▸ What to do
Write out exactly the lines below from the one containing "Pixelated campfire and" to the last, both ends kept, and nothing more; skip all pictures.
Records shown START
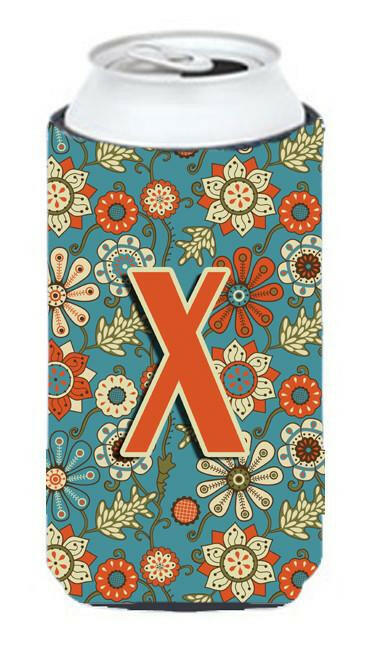 Letter X Flowers Retro Blue Tall Boy Beverage Insulator Hugger CJ2012-XTBC by Caroline's Treasures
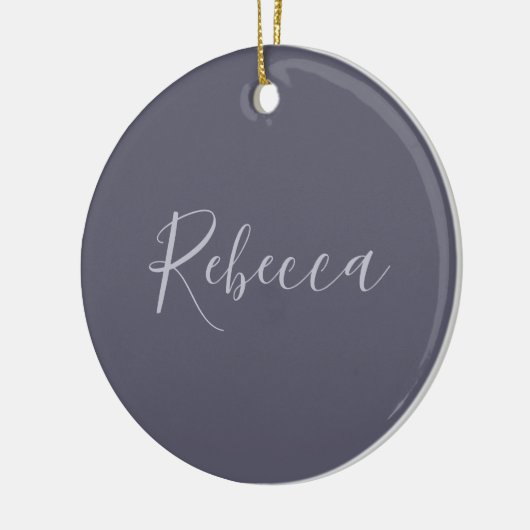 Je naam | Elegant Lavendel Script op Hazy Paarse Keramisch Ornament (Links)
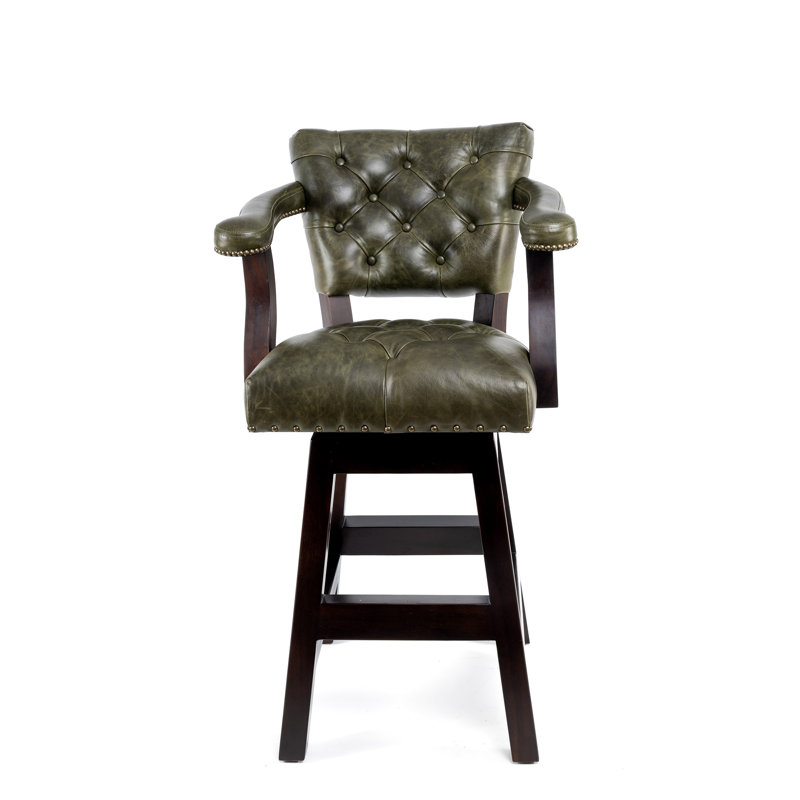 Trophy Tufted, Counter Stool (26" Seat Height), Green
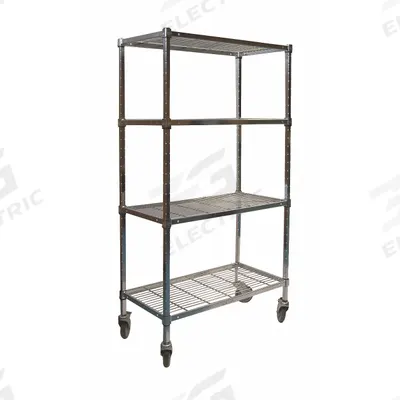 APPROVED VENDOR Wire Shelving Unit: 72 in x 18 in x 70 in, Dry, Split Sleeve, 4 Shelves - Mobile Wire Shelving for Dry Use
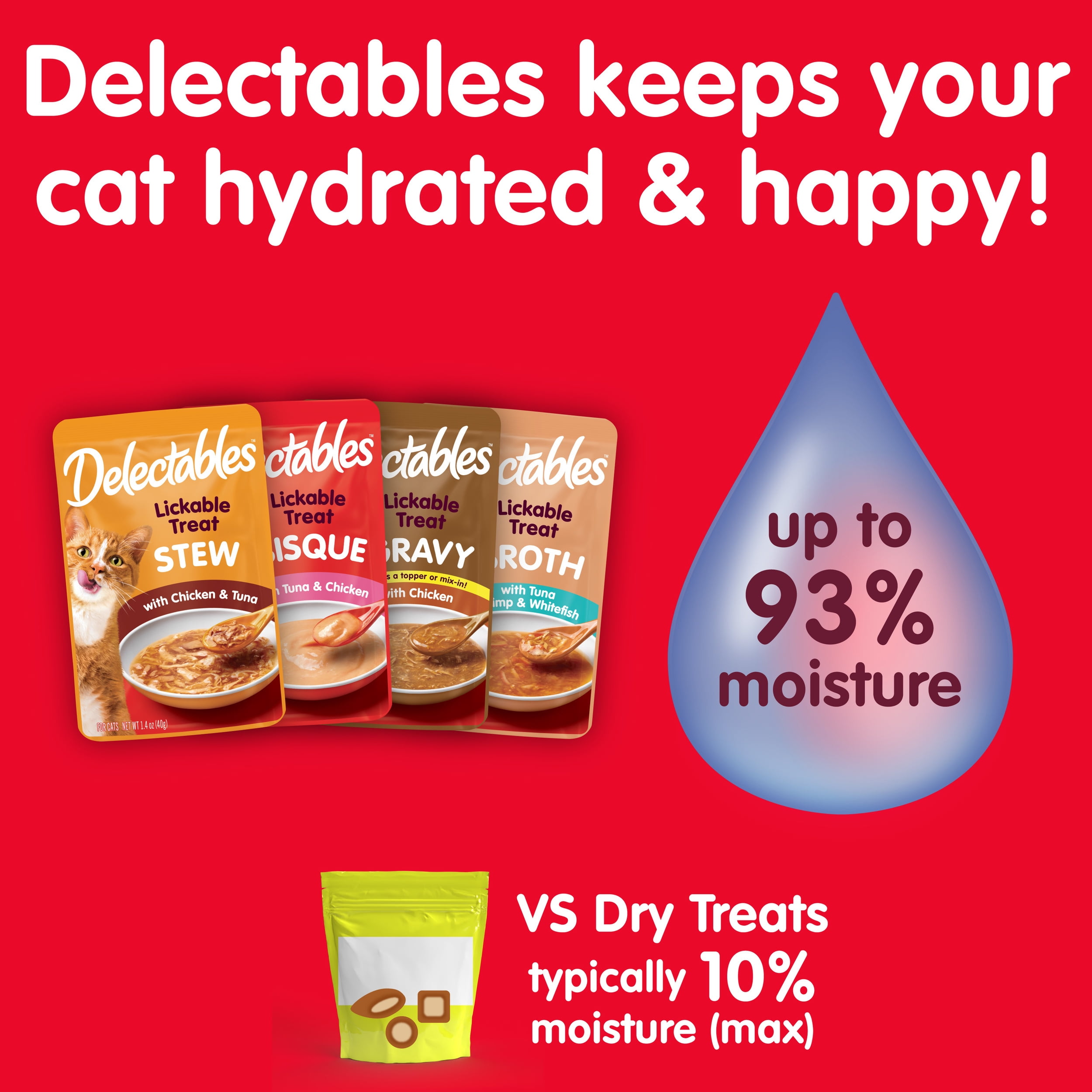 Hartz Delectables Bisque for Kittens, Complete & Balanced Lickable Wet Cat Treat, Tuna & Salmon, 12ct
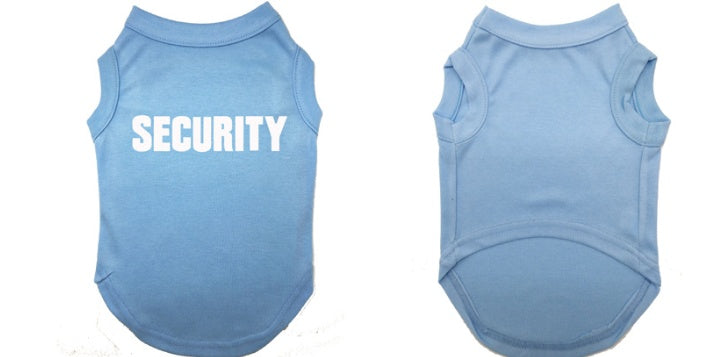 T-shirt pour chien bleu avec imprimé SECURITY, en coton et polyester, coupe décontractée.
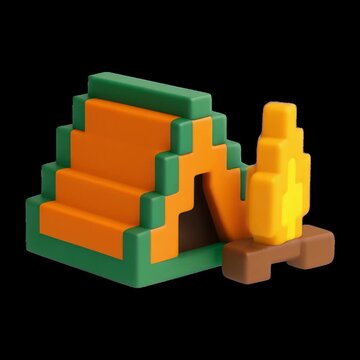 Pixelated campfire and tent animation isolated asset, transparent 4K video, alpha channel, ProRes 4444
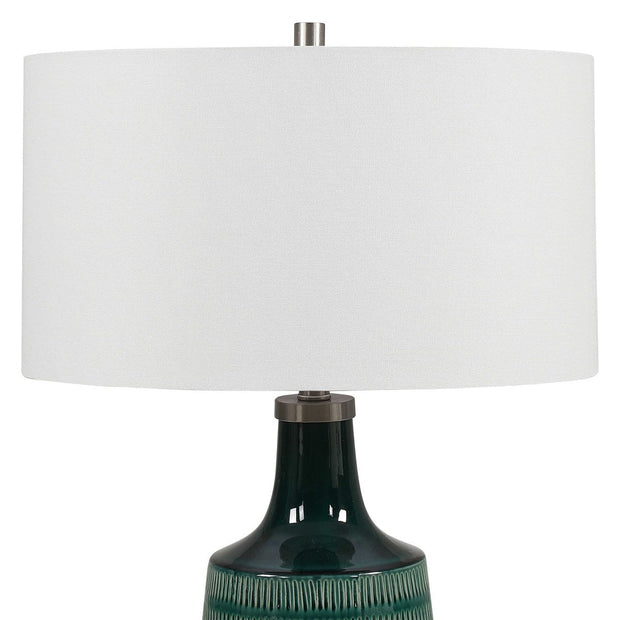 Uttermost Scouts Deep Teal Glaze Ceramic Table Lamp With White Shade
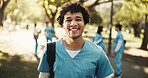 Happy man, nurse and medical student with portrait outdoor for scholarship, development or wellness. Healthcare learner, smile and male person at park, residency and education at nursing school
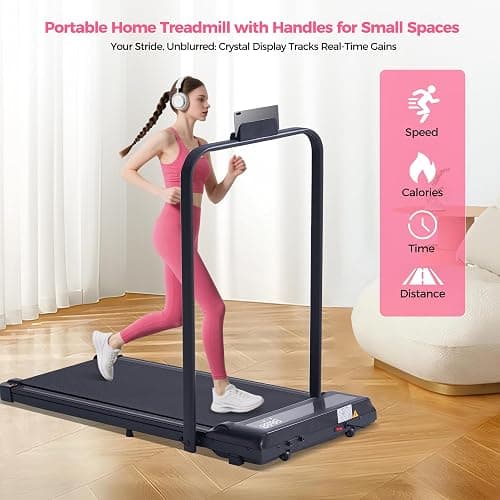 Treadmill with Handles for Home Small, 3.0HP Electric Compact Walking Pad Treadmills with Handle Bar, 0.6-6.2MPH Portable Under Desk Treadmill Home for Small Space, 320LBS thumbnail 5
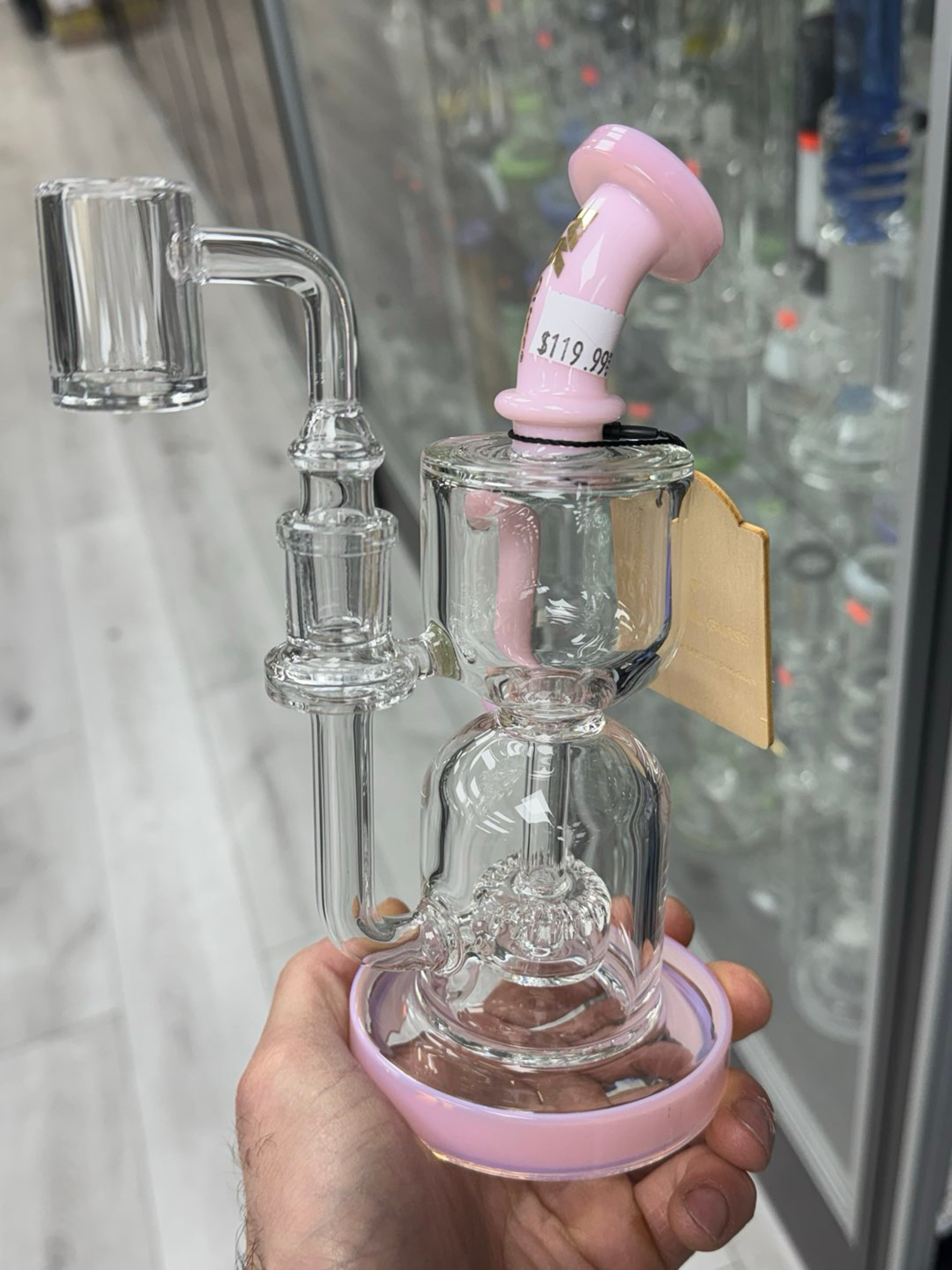 Mk glass recycler single uptake pink image 0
Records shown END
▸ Solution to the exercise
 Pixelated campfire and tent animation isolated asset, transparent 4K video, alpha channel, ProRes 4444
 Uttermost Scouts Deep Teal Glaze Ceramic Table Lamp With White Shade
 Happy man, nurse and medical student with portrait outdoor for scholarship, development or wellness. Healthcare learner, smile and male person at park, residency and education at nursing school
 Treadmill with Handles for Home Small, 3.0HP Electric Compact Walking Pad Treadmills with Handle Bar, 0.6-6.2MPH Portable Under Desk Treadmill Home for Small Space, 320LBS thumbnail 5
 Mk glass recycler single uptake pink image 0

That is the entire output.